Allentown Morning Call - March 25, 1980

It’s torture, but Vukovich won’t quit


By Jack McCallum, Call Sports Writer


CLEARWATER, Fla. – John Vukovich spends part of every day on his knees which, when you think about it, is not an unusual position for a 32-year-old player with a .161 lifetime average trying to stick with a major league team. 


But John Vukovich is not praying. He is learning the rudiments of catching, which just may be his ticket north when the Philadelphia Phillies break camp on April 8. 


Each day Vukovich stands about 30 feet from catching coach Mike 'Irish' Ryan. Ryan deliberately bounces the ball toward Vukovich and he dutifully scrambles on his knees to get his body behind the ball and block it. Given the somewhat leisurely tenor of most baseball drills, no one in the Phillies' camp has been working harder than Vukovich.


 "Hey. Vuke, you're supposed to catch the damn thing aren't you?" said Pete Rose, stopping to watch a few minutes of the daily torture. 


"Actually, I'm just supposed to block it…” 


Another Ryan toss, another scramble on the knees. Another Ryan toss and this one takes a wicked bounce up Vukovich's arm.


"Ooh, just listen to that bone," said Steve Carlton, lounging against the protective cage where the drill was taking place. "Hey, Vuke, I'd like to see an X-ray of your body right about now. You must be one torn-up guy." 

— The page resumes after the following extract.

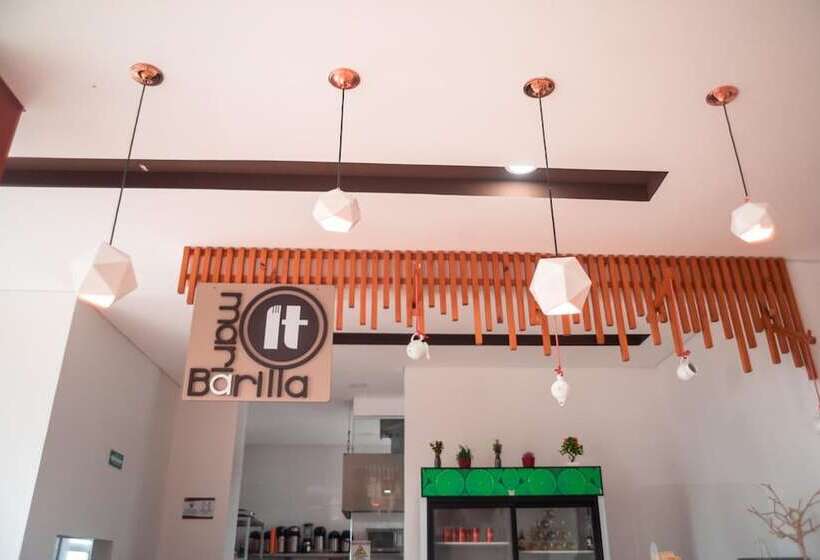 هتل Unión Plaza Moteria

Vukovich just smiles… then takes another bouncing ball up the arm. 


"I had no hesitation whatsoever about catching, or trying to catch," said Vukovich after the drill had concluded. "This is something that can only lengthen my career and I'll do whatever it takes to do that." 

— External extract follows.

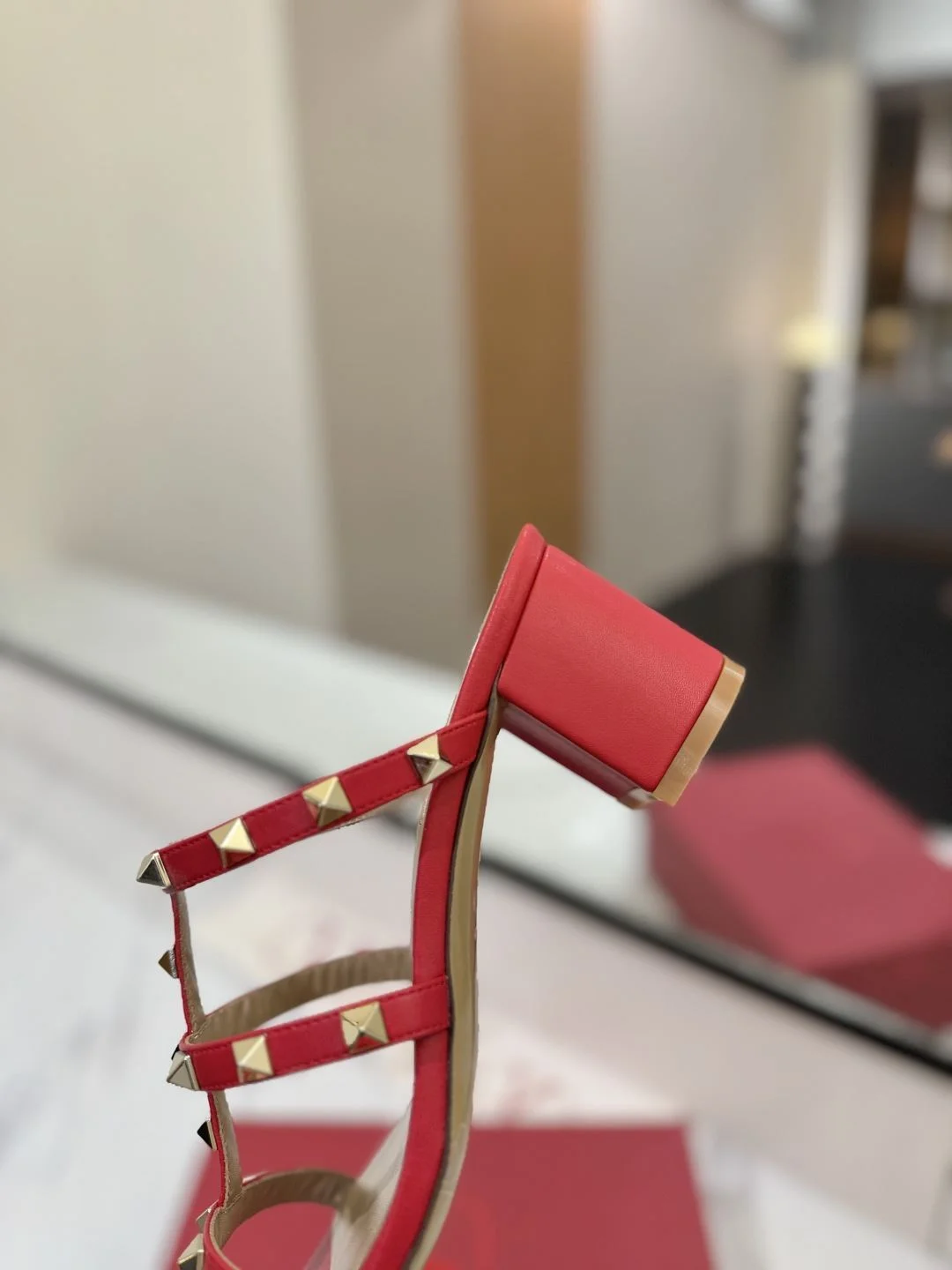 Valentino Slippers Effortless 35873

Though Vuke has been a pro player since 1966, he has played in only 217 major league games and has only 496 major league at-bats. His most extensive action was in 1971 when he played in 74 games for the Phillies. He lives only for the chance to do that again but, really, he has no guarantees that he will not be one of the 11 remaining cuts. 


"Nope, Dallas has said nothing to me about my chances," said Vukovich who, after a few years with Milwaukee and Cincinnati, came back to the Phillies organization in a trade with the Reds involving former major leaguer Dave Schneck of Whitehall. "The possibility does exist that I'm going through this for nothing. You know, certain people always know and have always known what they want to do in life. Me? I've always felt I should be in the game of baseball. That's why I've always felt comfortable with my situation." 


Well, almost always. 


"I guess last year at this time I was thinking along the lines of getting into coaching and that maybe my time was up," said Vukovich. "But. darnit, I went back and proved that I can still play this game. That's why I'm excited by this year." 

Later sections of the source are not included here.